The loss of curiosity is tragic and an important signal, at least, according to the Portuguese writer José Saramago. According to him, old age starts where curiosity ends. He died in 2010 at the age of 86 as a curious man who had never become old.
Coincidentally, a novel by my hand appeared last year about a journalist who reached the end of curiosity. When my editor-in-chief read the book Masser Brock, it counts 412 pages, he said that I could also have done with a letter of resignation of two A-4s. In that comment was a truth and an untruth. The truth was that whoever loses his curiosity is no longer suitable for this profession. And then I’m not just talking about the journalist. It had made little difference to the core of the novel if I had made Masser Brock a scientist.
What I want to say with this is that the curious does not choose the easiest way, he gets a lot of trouble and hassle on his neck. But we can not do otherwise. The former ‘Thinker of the Fatherland’, the philosopher René Gude, said that our incessant, curious striving for knowledge is nothing more than an attempt to supplement ourselves, to brush up, to develop. To put an end to a gnawing sense of emptiness and to find an answer to the disturbing question of what we are doing here and why. According to him, curiosity had to do with a desire – without knowing exactly what we desire.

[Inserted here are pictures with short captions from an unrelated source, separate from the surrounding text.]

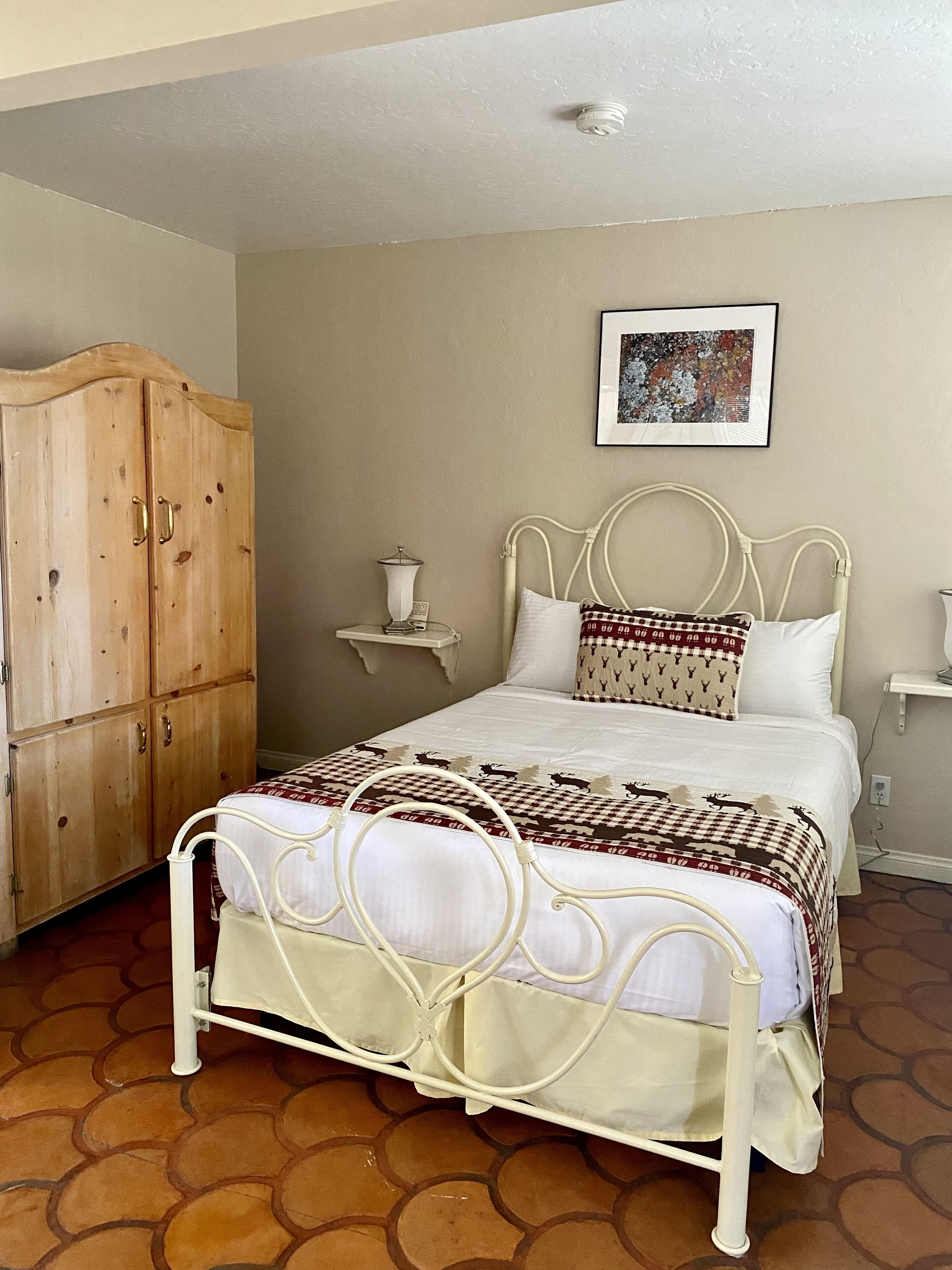 A bedroom with a bed, a wooden wardrobe, a bedside table, and a wall-mounted picture.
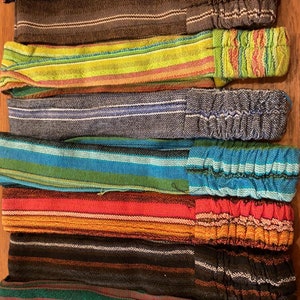 May include: A set of ten colorful striped headbands with elastic backings. The headbands are made of woven fabric and feature a variety of colors and patterns.
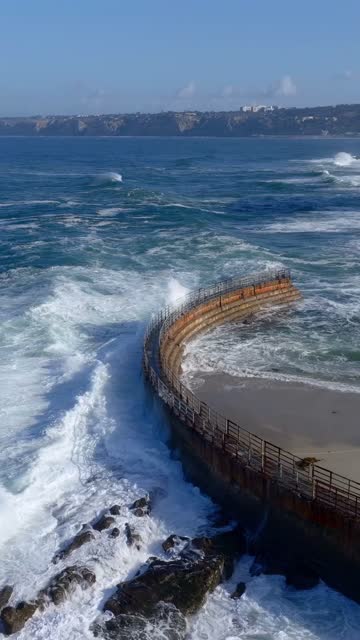 Aerial view of the beach, the surf and the ocean at Village of La Jolla.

And fortunately, because our whole civilisation is based on it, and shaped by it. It is a direct result of our curiosity. The greatest minds of our culture were the most curious spirits. You undoubtedly know Albert Einstein’s famous statement: ‘I have no special talent. I am only passionately curious’. Great scholars and great artists are united in curiosity. In the work of the greatest Dutchman in history, the philosopher Spinoza, the curiosity sparks from it. Look at the work of the painter Picasso and you see a life-long quest driven by pure curiosity.
Saramago was a child of poor Portuguese farmers. He was allowed to go to a technical school by grace of God and then worked for years as a car mechanic. But every night he went to the village library to read everything he could get, driven, as he wrote himself, by nothing but curiosity and the will to learn. In 1998 he won the Nobel Prize for literature.